An addictive quality
It is called playful design in some fields, based on the idea that we do like play, that it is human to play, not just childish.
But what is meant by play in this context? It is making learning fun, something you want to do more of, not less of. It is seen as a remedy for “training malaise,” the disappointing finding that the majority of what we teach people is not remembered. We forget things that are banal and remember things that have significance.
Serious games work by practising skills and tracking achievement, but also by giving learning an addictive quality. The “one more move” thinking that keeps video gamers up all night is harnessed for learning. It is based on the release of the neurotransmitter dopamine. What dopamine does is make us want the “next good thing.” Once we get it, we lose interest and want “another good thing.”
This is called a compulsion loop in game design, and can be the basis of making university courses not only relevant, but engaging.

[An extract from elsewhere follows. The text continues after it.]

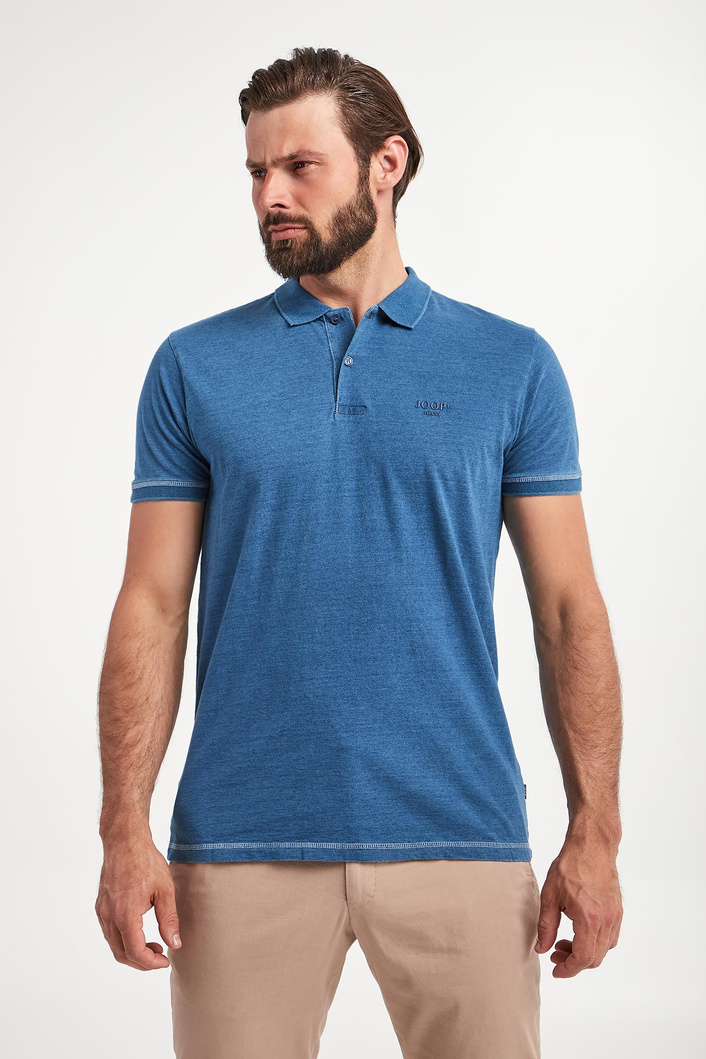 Polo męskie Ajas JOOP! JEANS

It is also a form of active learning, which has been shown to increase grades and decrease failure rates in a major review of research in the field.
Playgrounds of learning
The best SEGs now are called “open world games” and are a blend of mixed reality and game design. Imagine living in an alternate reality, where you are not you, but an image of you called an avatar, and this avatar is having adventures building something, defeating a plague or combating addiction.
This is called a “conglomerate of player satisfaction loops” and, in short, gives you so many things to do in this alternate world that you don’t know where to start. These are truly open exploratory playgrounds of learning, you can study things in any order you want, there is no scripting of learning in the best SEGs. You simply enter an imaginary digital world and begin to engage with it.
Preliminary studies by professors Deb Fels, Rob Bajko and other faculty at Ryerson University for internal purposes have shown that the majority of students prefer to learn using games.
One long term study tracked a class of students using game-based learning over a three-year period and found there were many types of players.
Some students were thrilled by the game, some less so, but in all cases, the better they did in the game, the better they did in the courses. This has been replicated many times by the author and other teams.
We learn a lot when we love what we are learning. Its a basic benchmark of achievement in higher education. Human beings love doing certain things, and learning to become a master of their own world, however fantastical it might be, is one of them.
Game worlds and mixed reality are rapidly developing fields which any educator with even a passing interest in leveraging student success would be advised to track as it unfolds.